◆ What needs to be done:
After locating the line with "3650 South Glebe" in the records below, print it and every line after it exactly.
━━ Task material ━━
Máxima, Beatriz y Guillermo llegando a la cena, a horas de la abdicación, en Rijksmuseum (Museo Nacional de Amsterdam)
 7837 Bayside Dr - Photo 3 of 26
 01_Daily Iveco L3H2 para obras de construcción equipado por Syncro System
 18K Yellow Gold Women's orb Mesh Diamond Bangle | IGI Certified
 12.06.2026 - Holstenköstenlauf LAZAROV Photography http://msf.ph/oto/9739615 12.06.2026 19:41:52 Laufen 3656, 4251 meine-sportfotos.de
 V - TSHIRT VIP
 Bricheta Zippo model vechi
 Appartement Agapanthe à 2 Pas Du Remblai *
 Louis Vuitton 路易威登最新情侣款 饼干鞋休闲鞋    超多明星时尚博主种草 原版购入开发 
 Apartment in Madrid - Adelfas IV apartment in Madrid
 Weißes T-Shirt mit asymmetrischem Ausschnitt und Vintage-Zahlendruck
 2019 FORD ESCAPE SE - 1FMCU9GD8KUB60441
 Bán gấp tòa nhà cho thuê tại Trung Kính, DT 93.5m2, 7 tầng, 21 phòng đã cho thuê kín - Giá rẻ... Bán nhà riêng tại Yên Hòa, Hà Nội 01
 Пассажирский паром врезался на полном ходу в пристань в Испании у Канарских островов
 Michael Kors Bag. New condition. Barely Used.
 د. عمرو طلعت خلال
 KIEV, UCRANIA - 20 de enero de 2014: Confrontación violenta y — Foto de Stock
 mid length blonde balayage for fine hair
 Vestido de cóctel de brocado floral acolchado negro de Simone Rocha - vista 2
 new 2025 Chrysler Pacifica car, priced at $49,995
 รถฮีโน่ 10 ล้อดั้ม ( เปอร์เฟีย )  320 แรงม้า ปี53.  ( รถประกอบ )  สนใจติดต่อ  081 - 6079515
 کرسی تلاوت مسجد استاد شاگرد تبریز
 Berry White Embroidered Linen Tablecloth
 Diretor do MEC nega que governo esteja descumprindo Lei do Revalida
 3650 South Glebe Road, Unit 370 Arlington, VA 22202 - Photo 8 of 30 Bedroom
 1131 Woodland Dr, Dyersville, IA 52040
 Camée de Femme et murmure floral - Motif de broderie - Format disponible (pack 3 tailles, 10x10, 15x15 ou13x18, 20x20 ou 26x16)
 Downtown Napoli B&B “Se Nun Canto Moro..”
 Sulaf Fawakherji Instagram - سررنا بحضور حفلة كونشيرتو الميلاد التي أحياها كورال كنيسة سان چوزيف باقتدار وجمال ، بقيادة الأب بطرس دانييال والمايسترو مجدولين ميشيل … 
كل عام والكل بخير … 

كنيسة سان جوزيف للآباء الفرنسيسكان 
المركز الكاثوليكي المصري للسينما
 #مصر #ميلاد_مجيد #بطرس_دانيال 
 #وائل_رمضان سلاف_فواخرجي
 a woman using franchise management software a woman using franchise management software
━━━
◆ Problem solution:
 3650 South Glebe Road, Unit 370 Arlington, VA 22202 - Photo 8 of 30 Bedroom
 1131 Woodland Dr, Dyersville, IA 52040
 Camée de Femme et murmure floral - Motif de broderie - Format disponible (pack 3 tailles, 10x10, 15x15 ou13x18, 20x20 ou 26x16)
 Downtown Napoli B&B “Se Nun Canto Moro..”
 Sulaf Fawakherji Instagram - سررنا بحضور حفلة كونشيرتو الميلاد التي أحياها كورال كنيسة سان چوزيف باقتدار وجمال ، بقيادة الأب بطرس دانييال والمايسترو مجدولين ميشيل … 
كل عام والكل بخير … 

كنيسة سان جوزيف للآباء الفرنسيسكان 
المركز الكاثوليكي المصري للسينما
 #مصر #ميلاد_مجيد #بطرس_دانيال 
 #وائل_رمضان سلاف_فواخرجي
 a woman using franchise management software a woman using franchise management software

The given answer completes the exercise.